PROMPT:
Pictures are not part of the copy; retype all the records below exactly.

Segment Start: LISTED ENTRIES

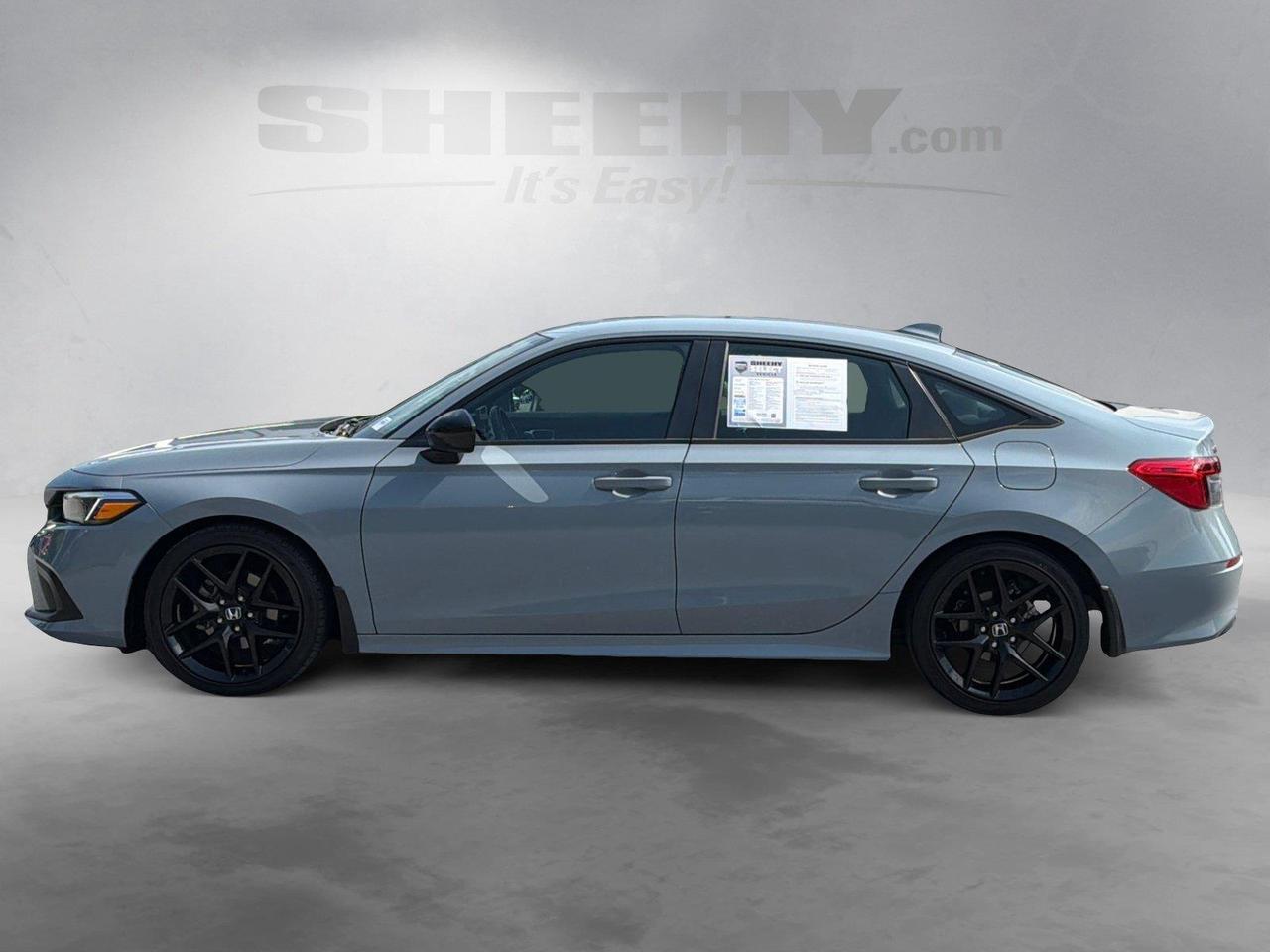 2023 Honda Civic Sport Hagerstown MD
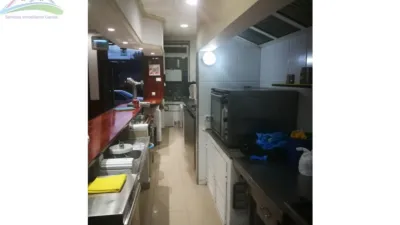 Local comercial en alquiler en Campus Norte - Vista 5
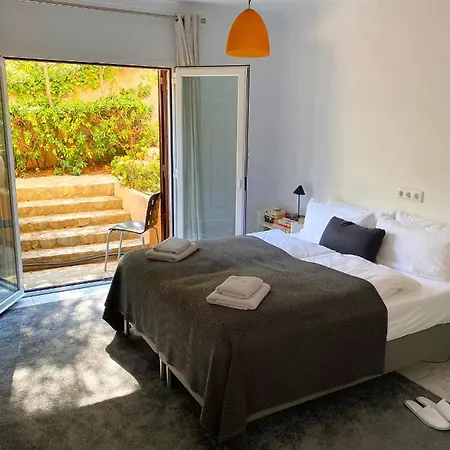 Casa Fina Emilia * Cala Ratjada (Mallorca)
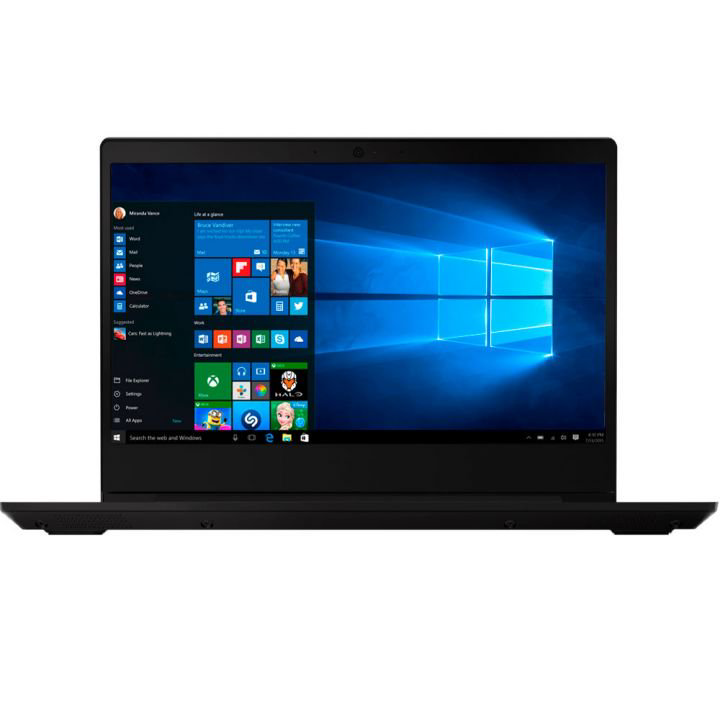 Ноутбук Lenovo IdeaPad S145 81VB000XRK 1000HDD Black купить,NaN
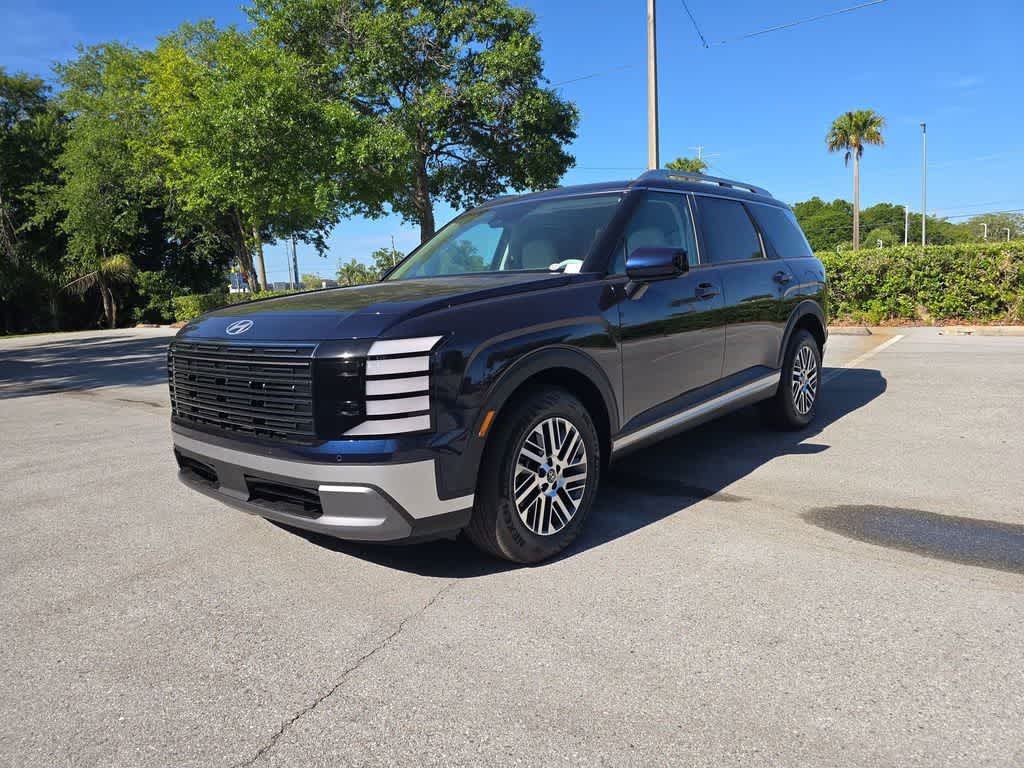 Thumbnail: 2026 Hyundai Palisade - 2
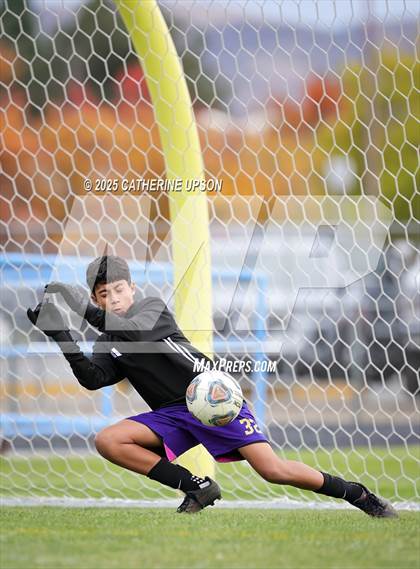 Thumbnail 1 in JV: Sparks @ Reed photogallery.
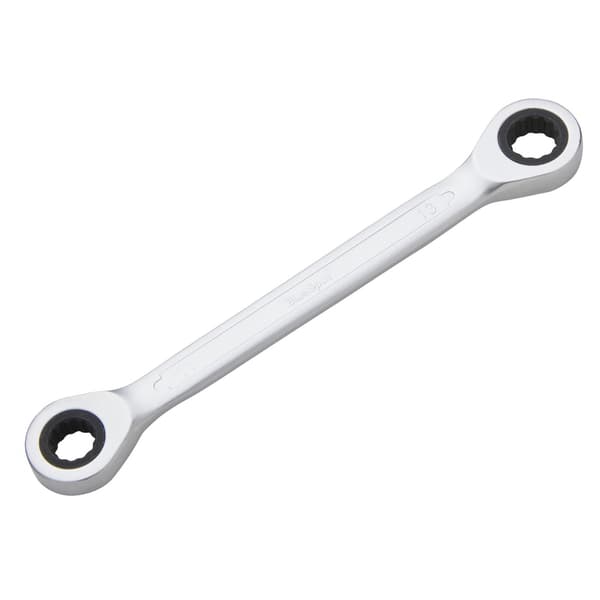Bluespot Tools kaksoispäätyräikkäavain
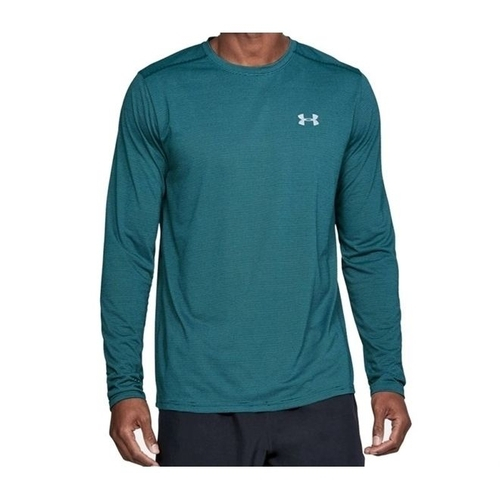 manga longa under armour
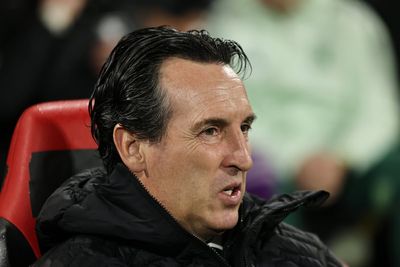 Liverpool boosted as Unai Emery confirms fresh Aston Villa injury blow ahead of Anfield clash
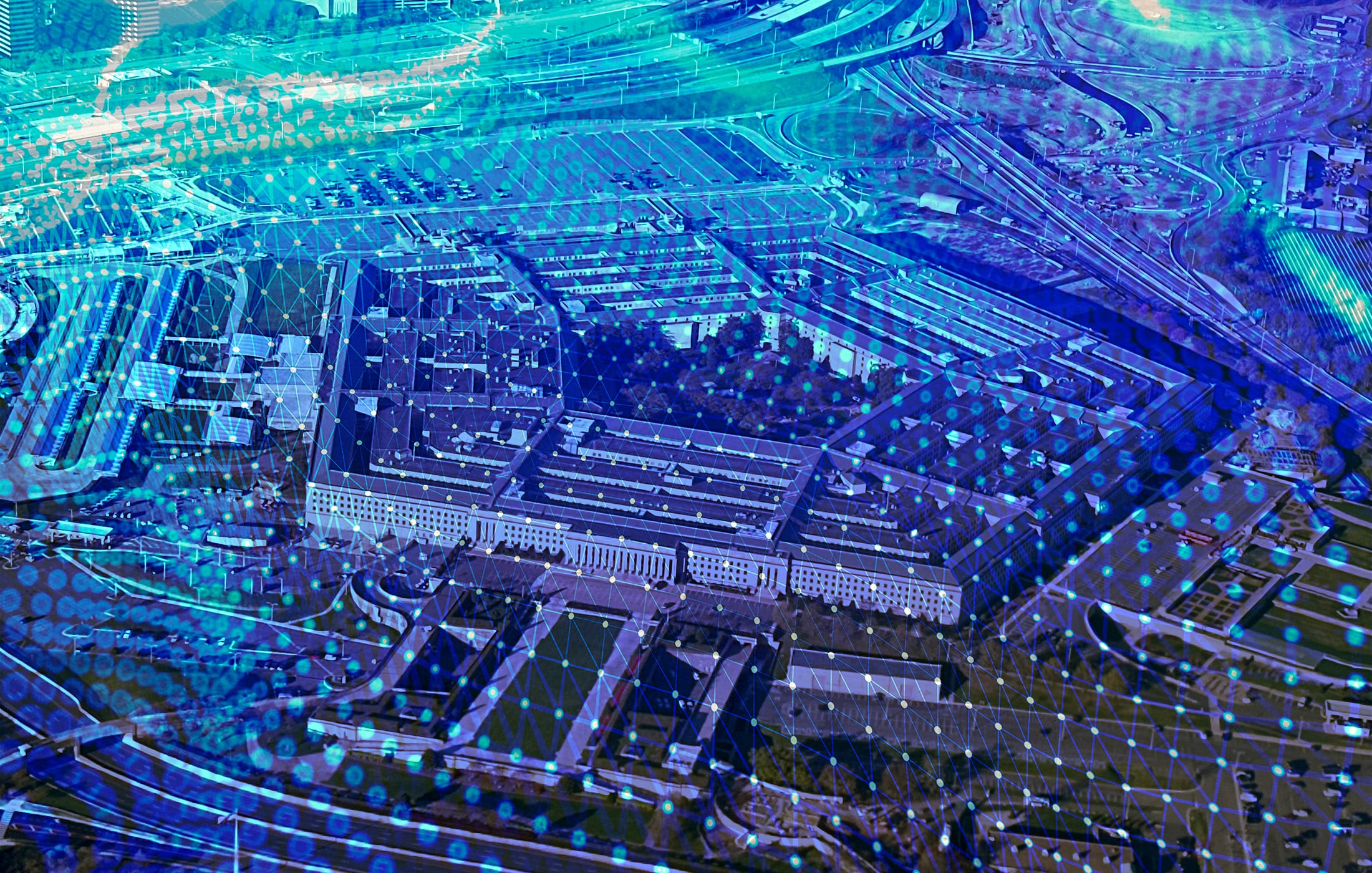 Pentagon DoW DoD PQC Memo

Segment End: LISTED ENTRIES

RESULT OF THE EXERCISE:
 2023 Honda Civic Sport Hagerstown MD
 Local comercial en alquiler en Campus Norte - Vista 5
 Casa Fina Emilia * Cala Ratjada (Mallorca)
 Ноутбук Lenovo IdeaPad S145 81VB000XRK 1000HDD Black купить,NaN
 Thumbnail: 2026 Hyundai Palisade - 2
 Thumbnail 1 in JV: Sparks @ Reed photogallery.
Bluespot Tools kaksoispäätyräikkäavain
 manga longa under armour
 Liverpool boosted as Unai Emery confirms fresh Aston Villa injury blow ahead of Anfield clash
 Pentagon DoW DoD PQC Memo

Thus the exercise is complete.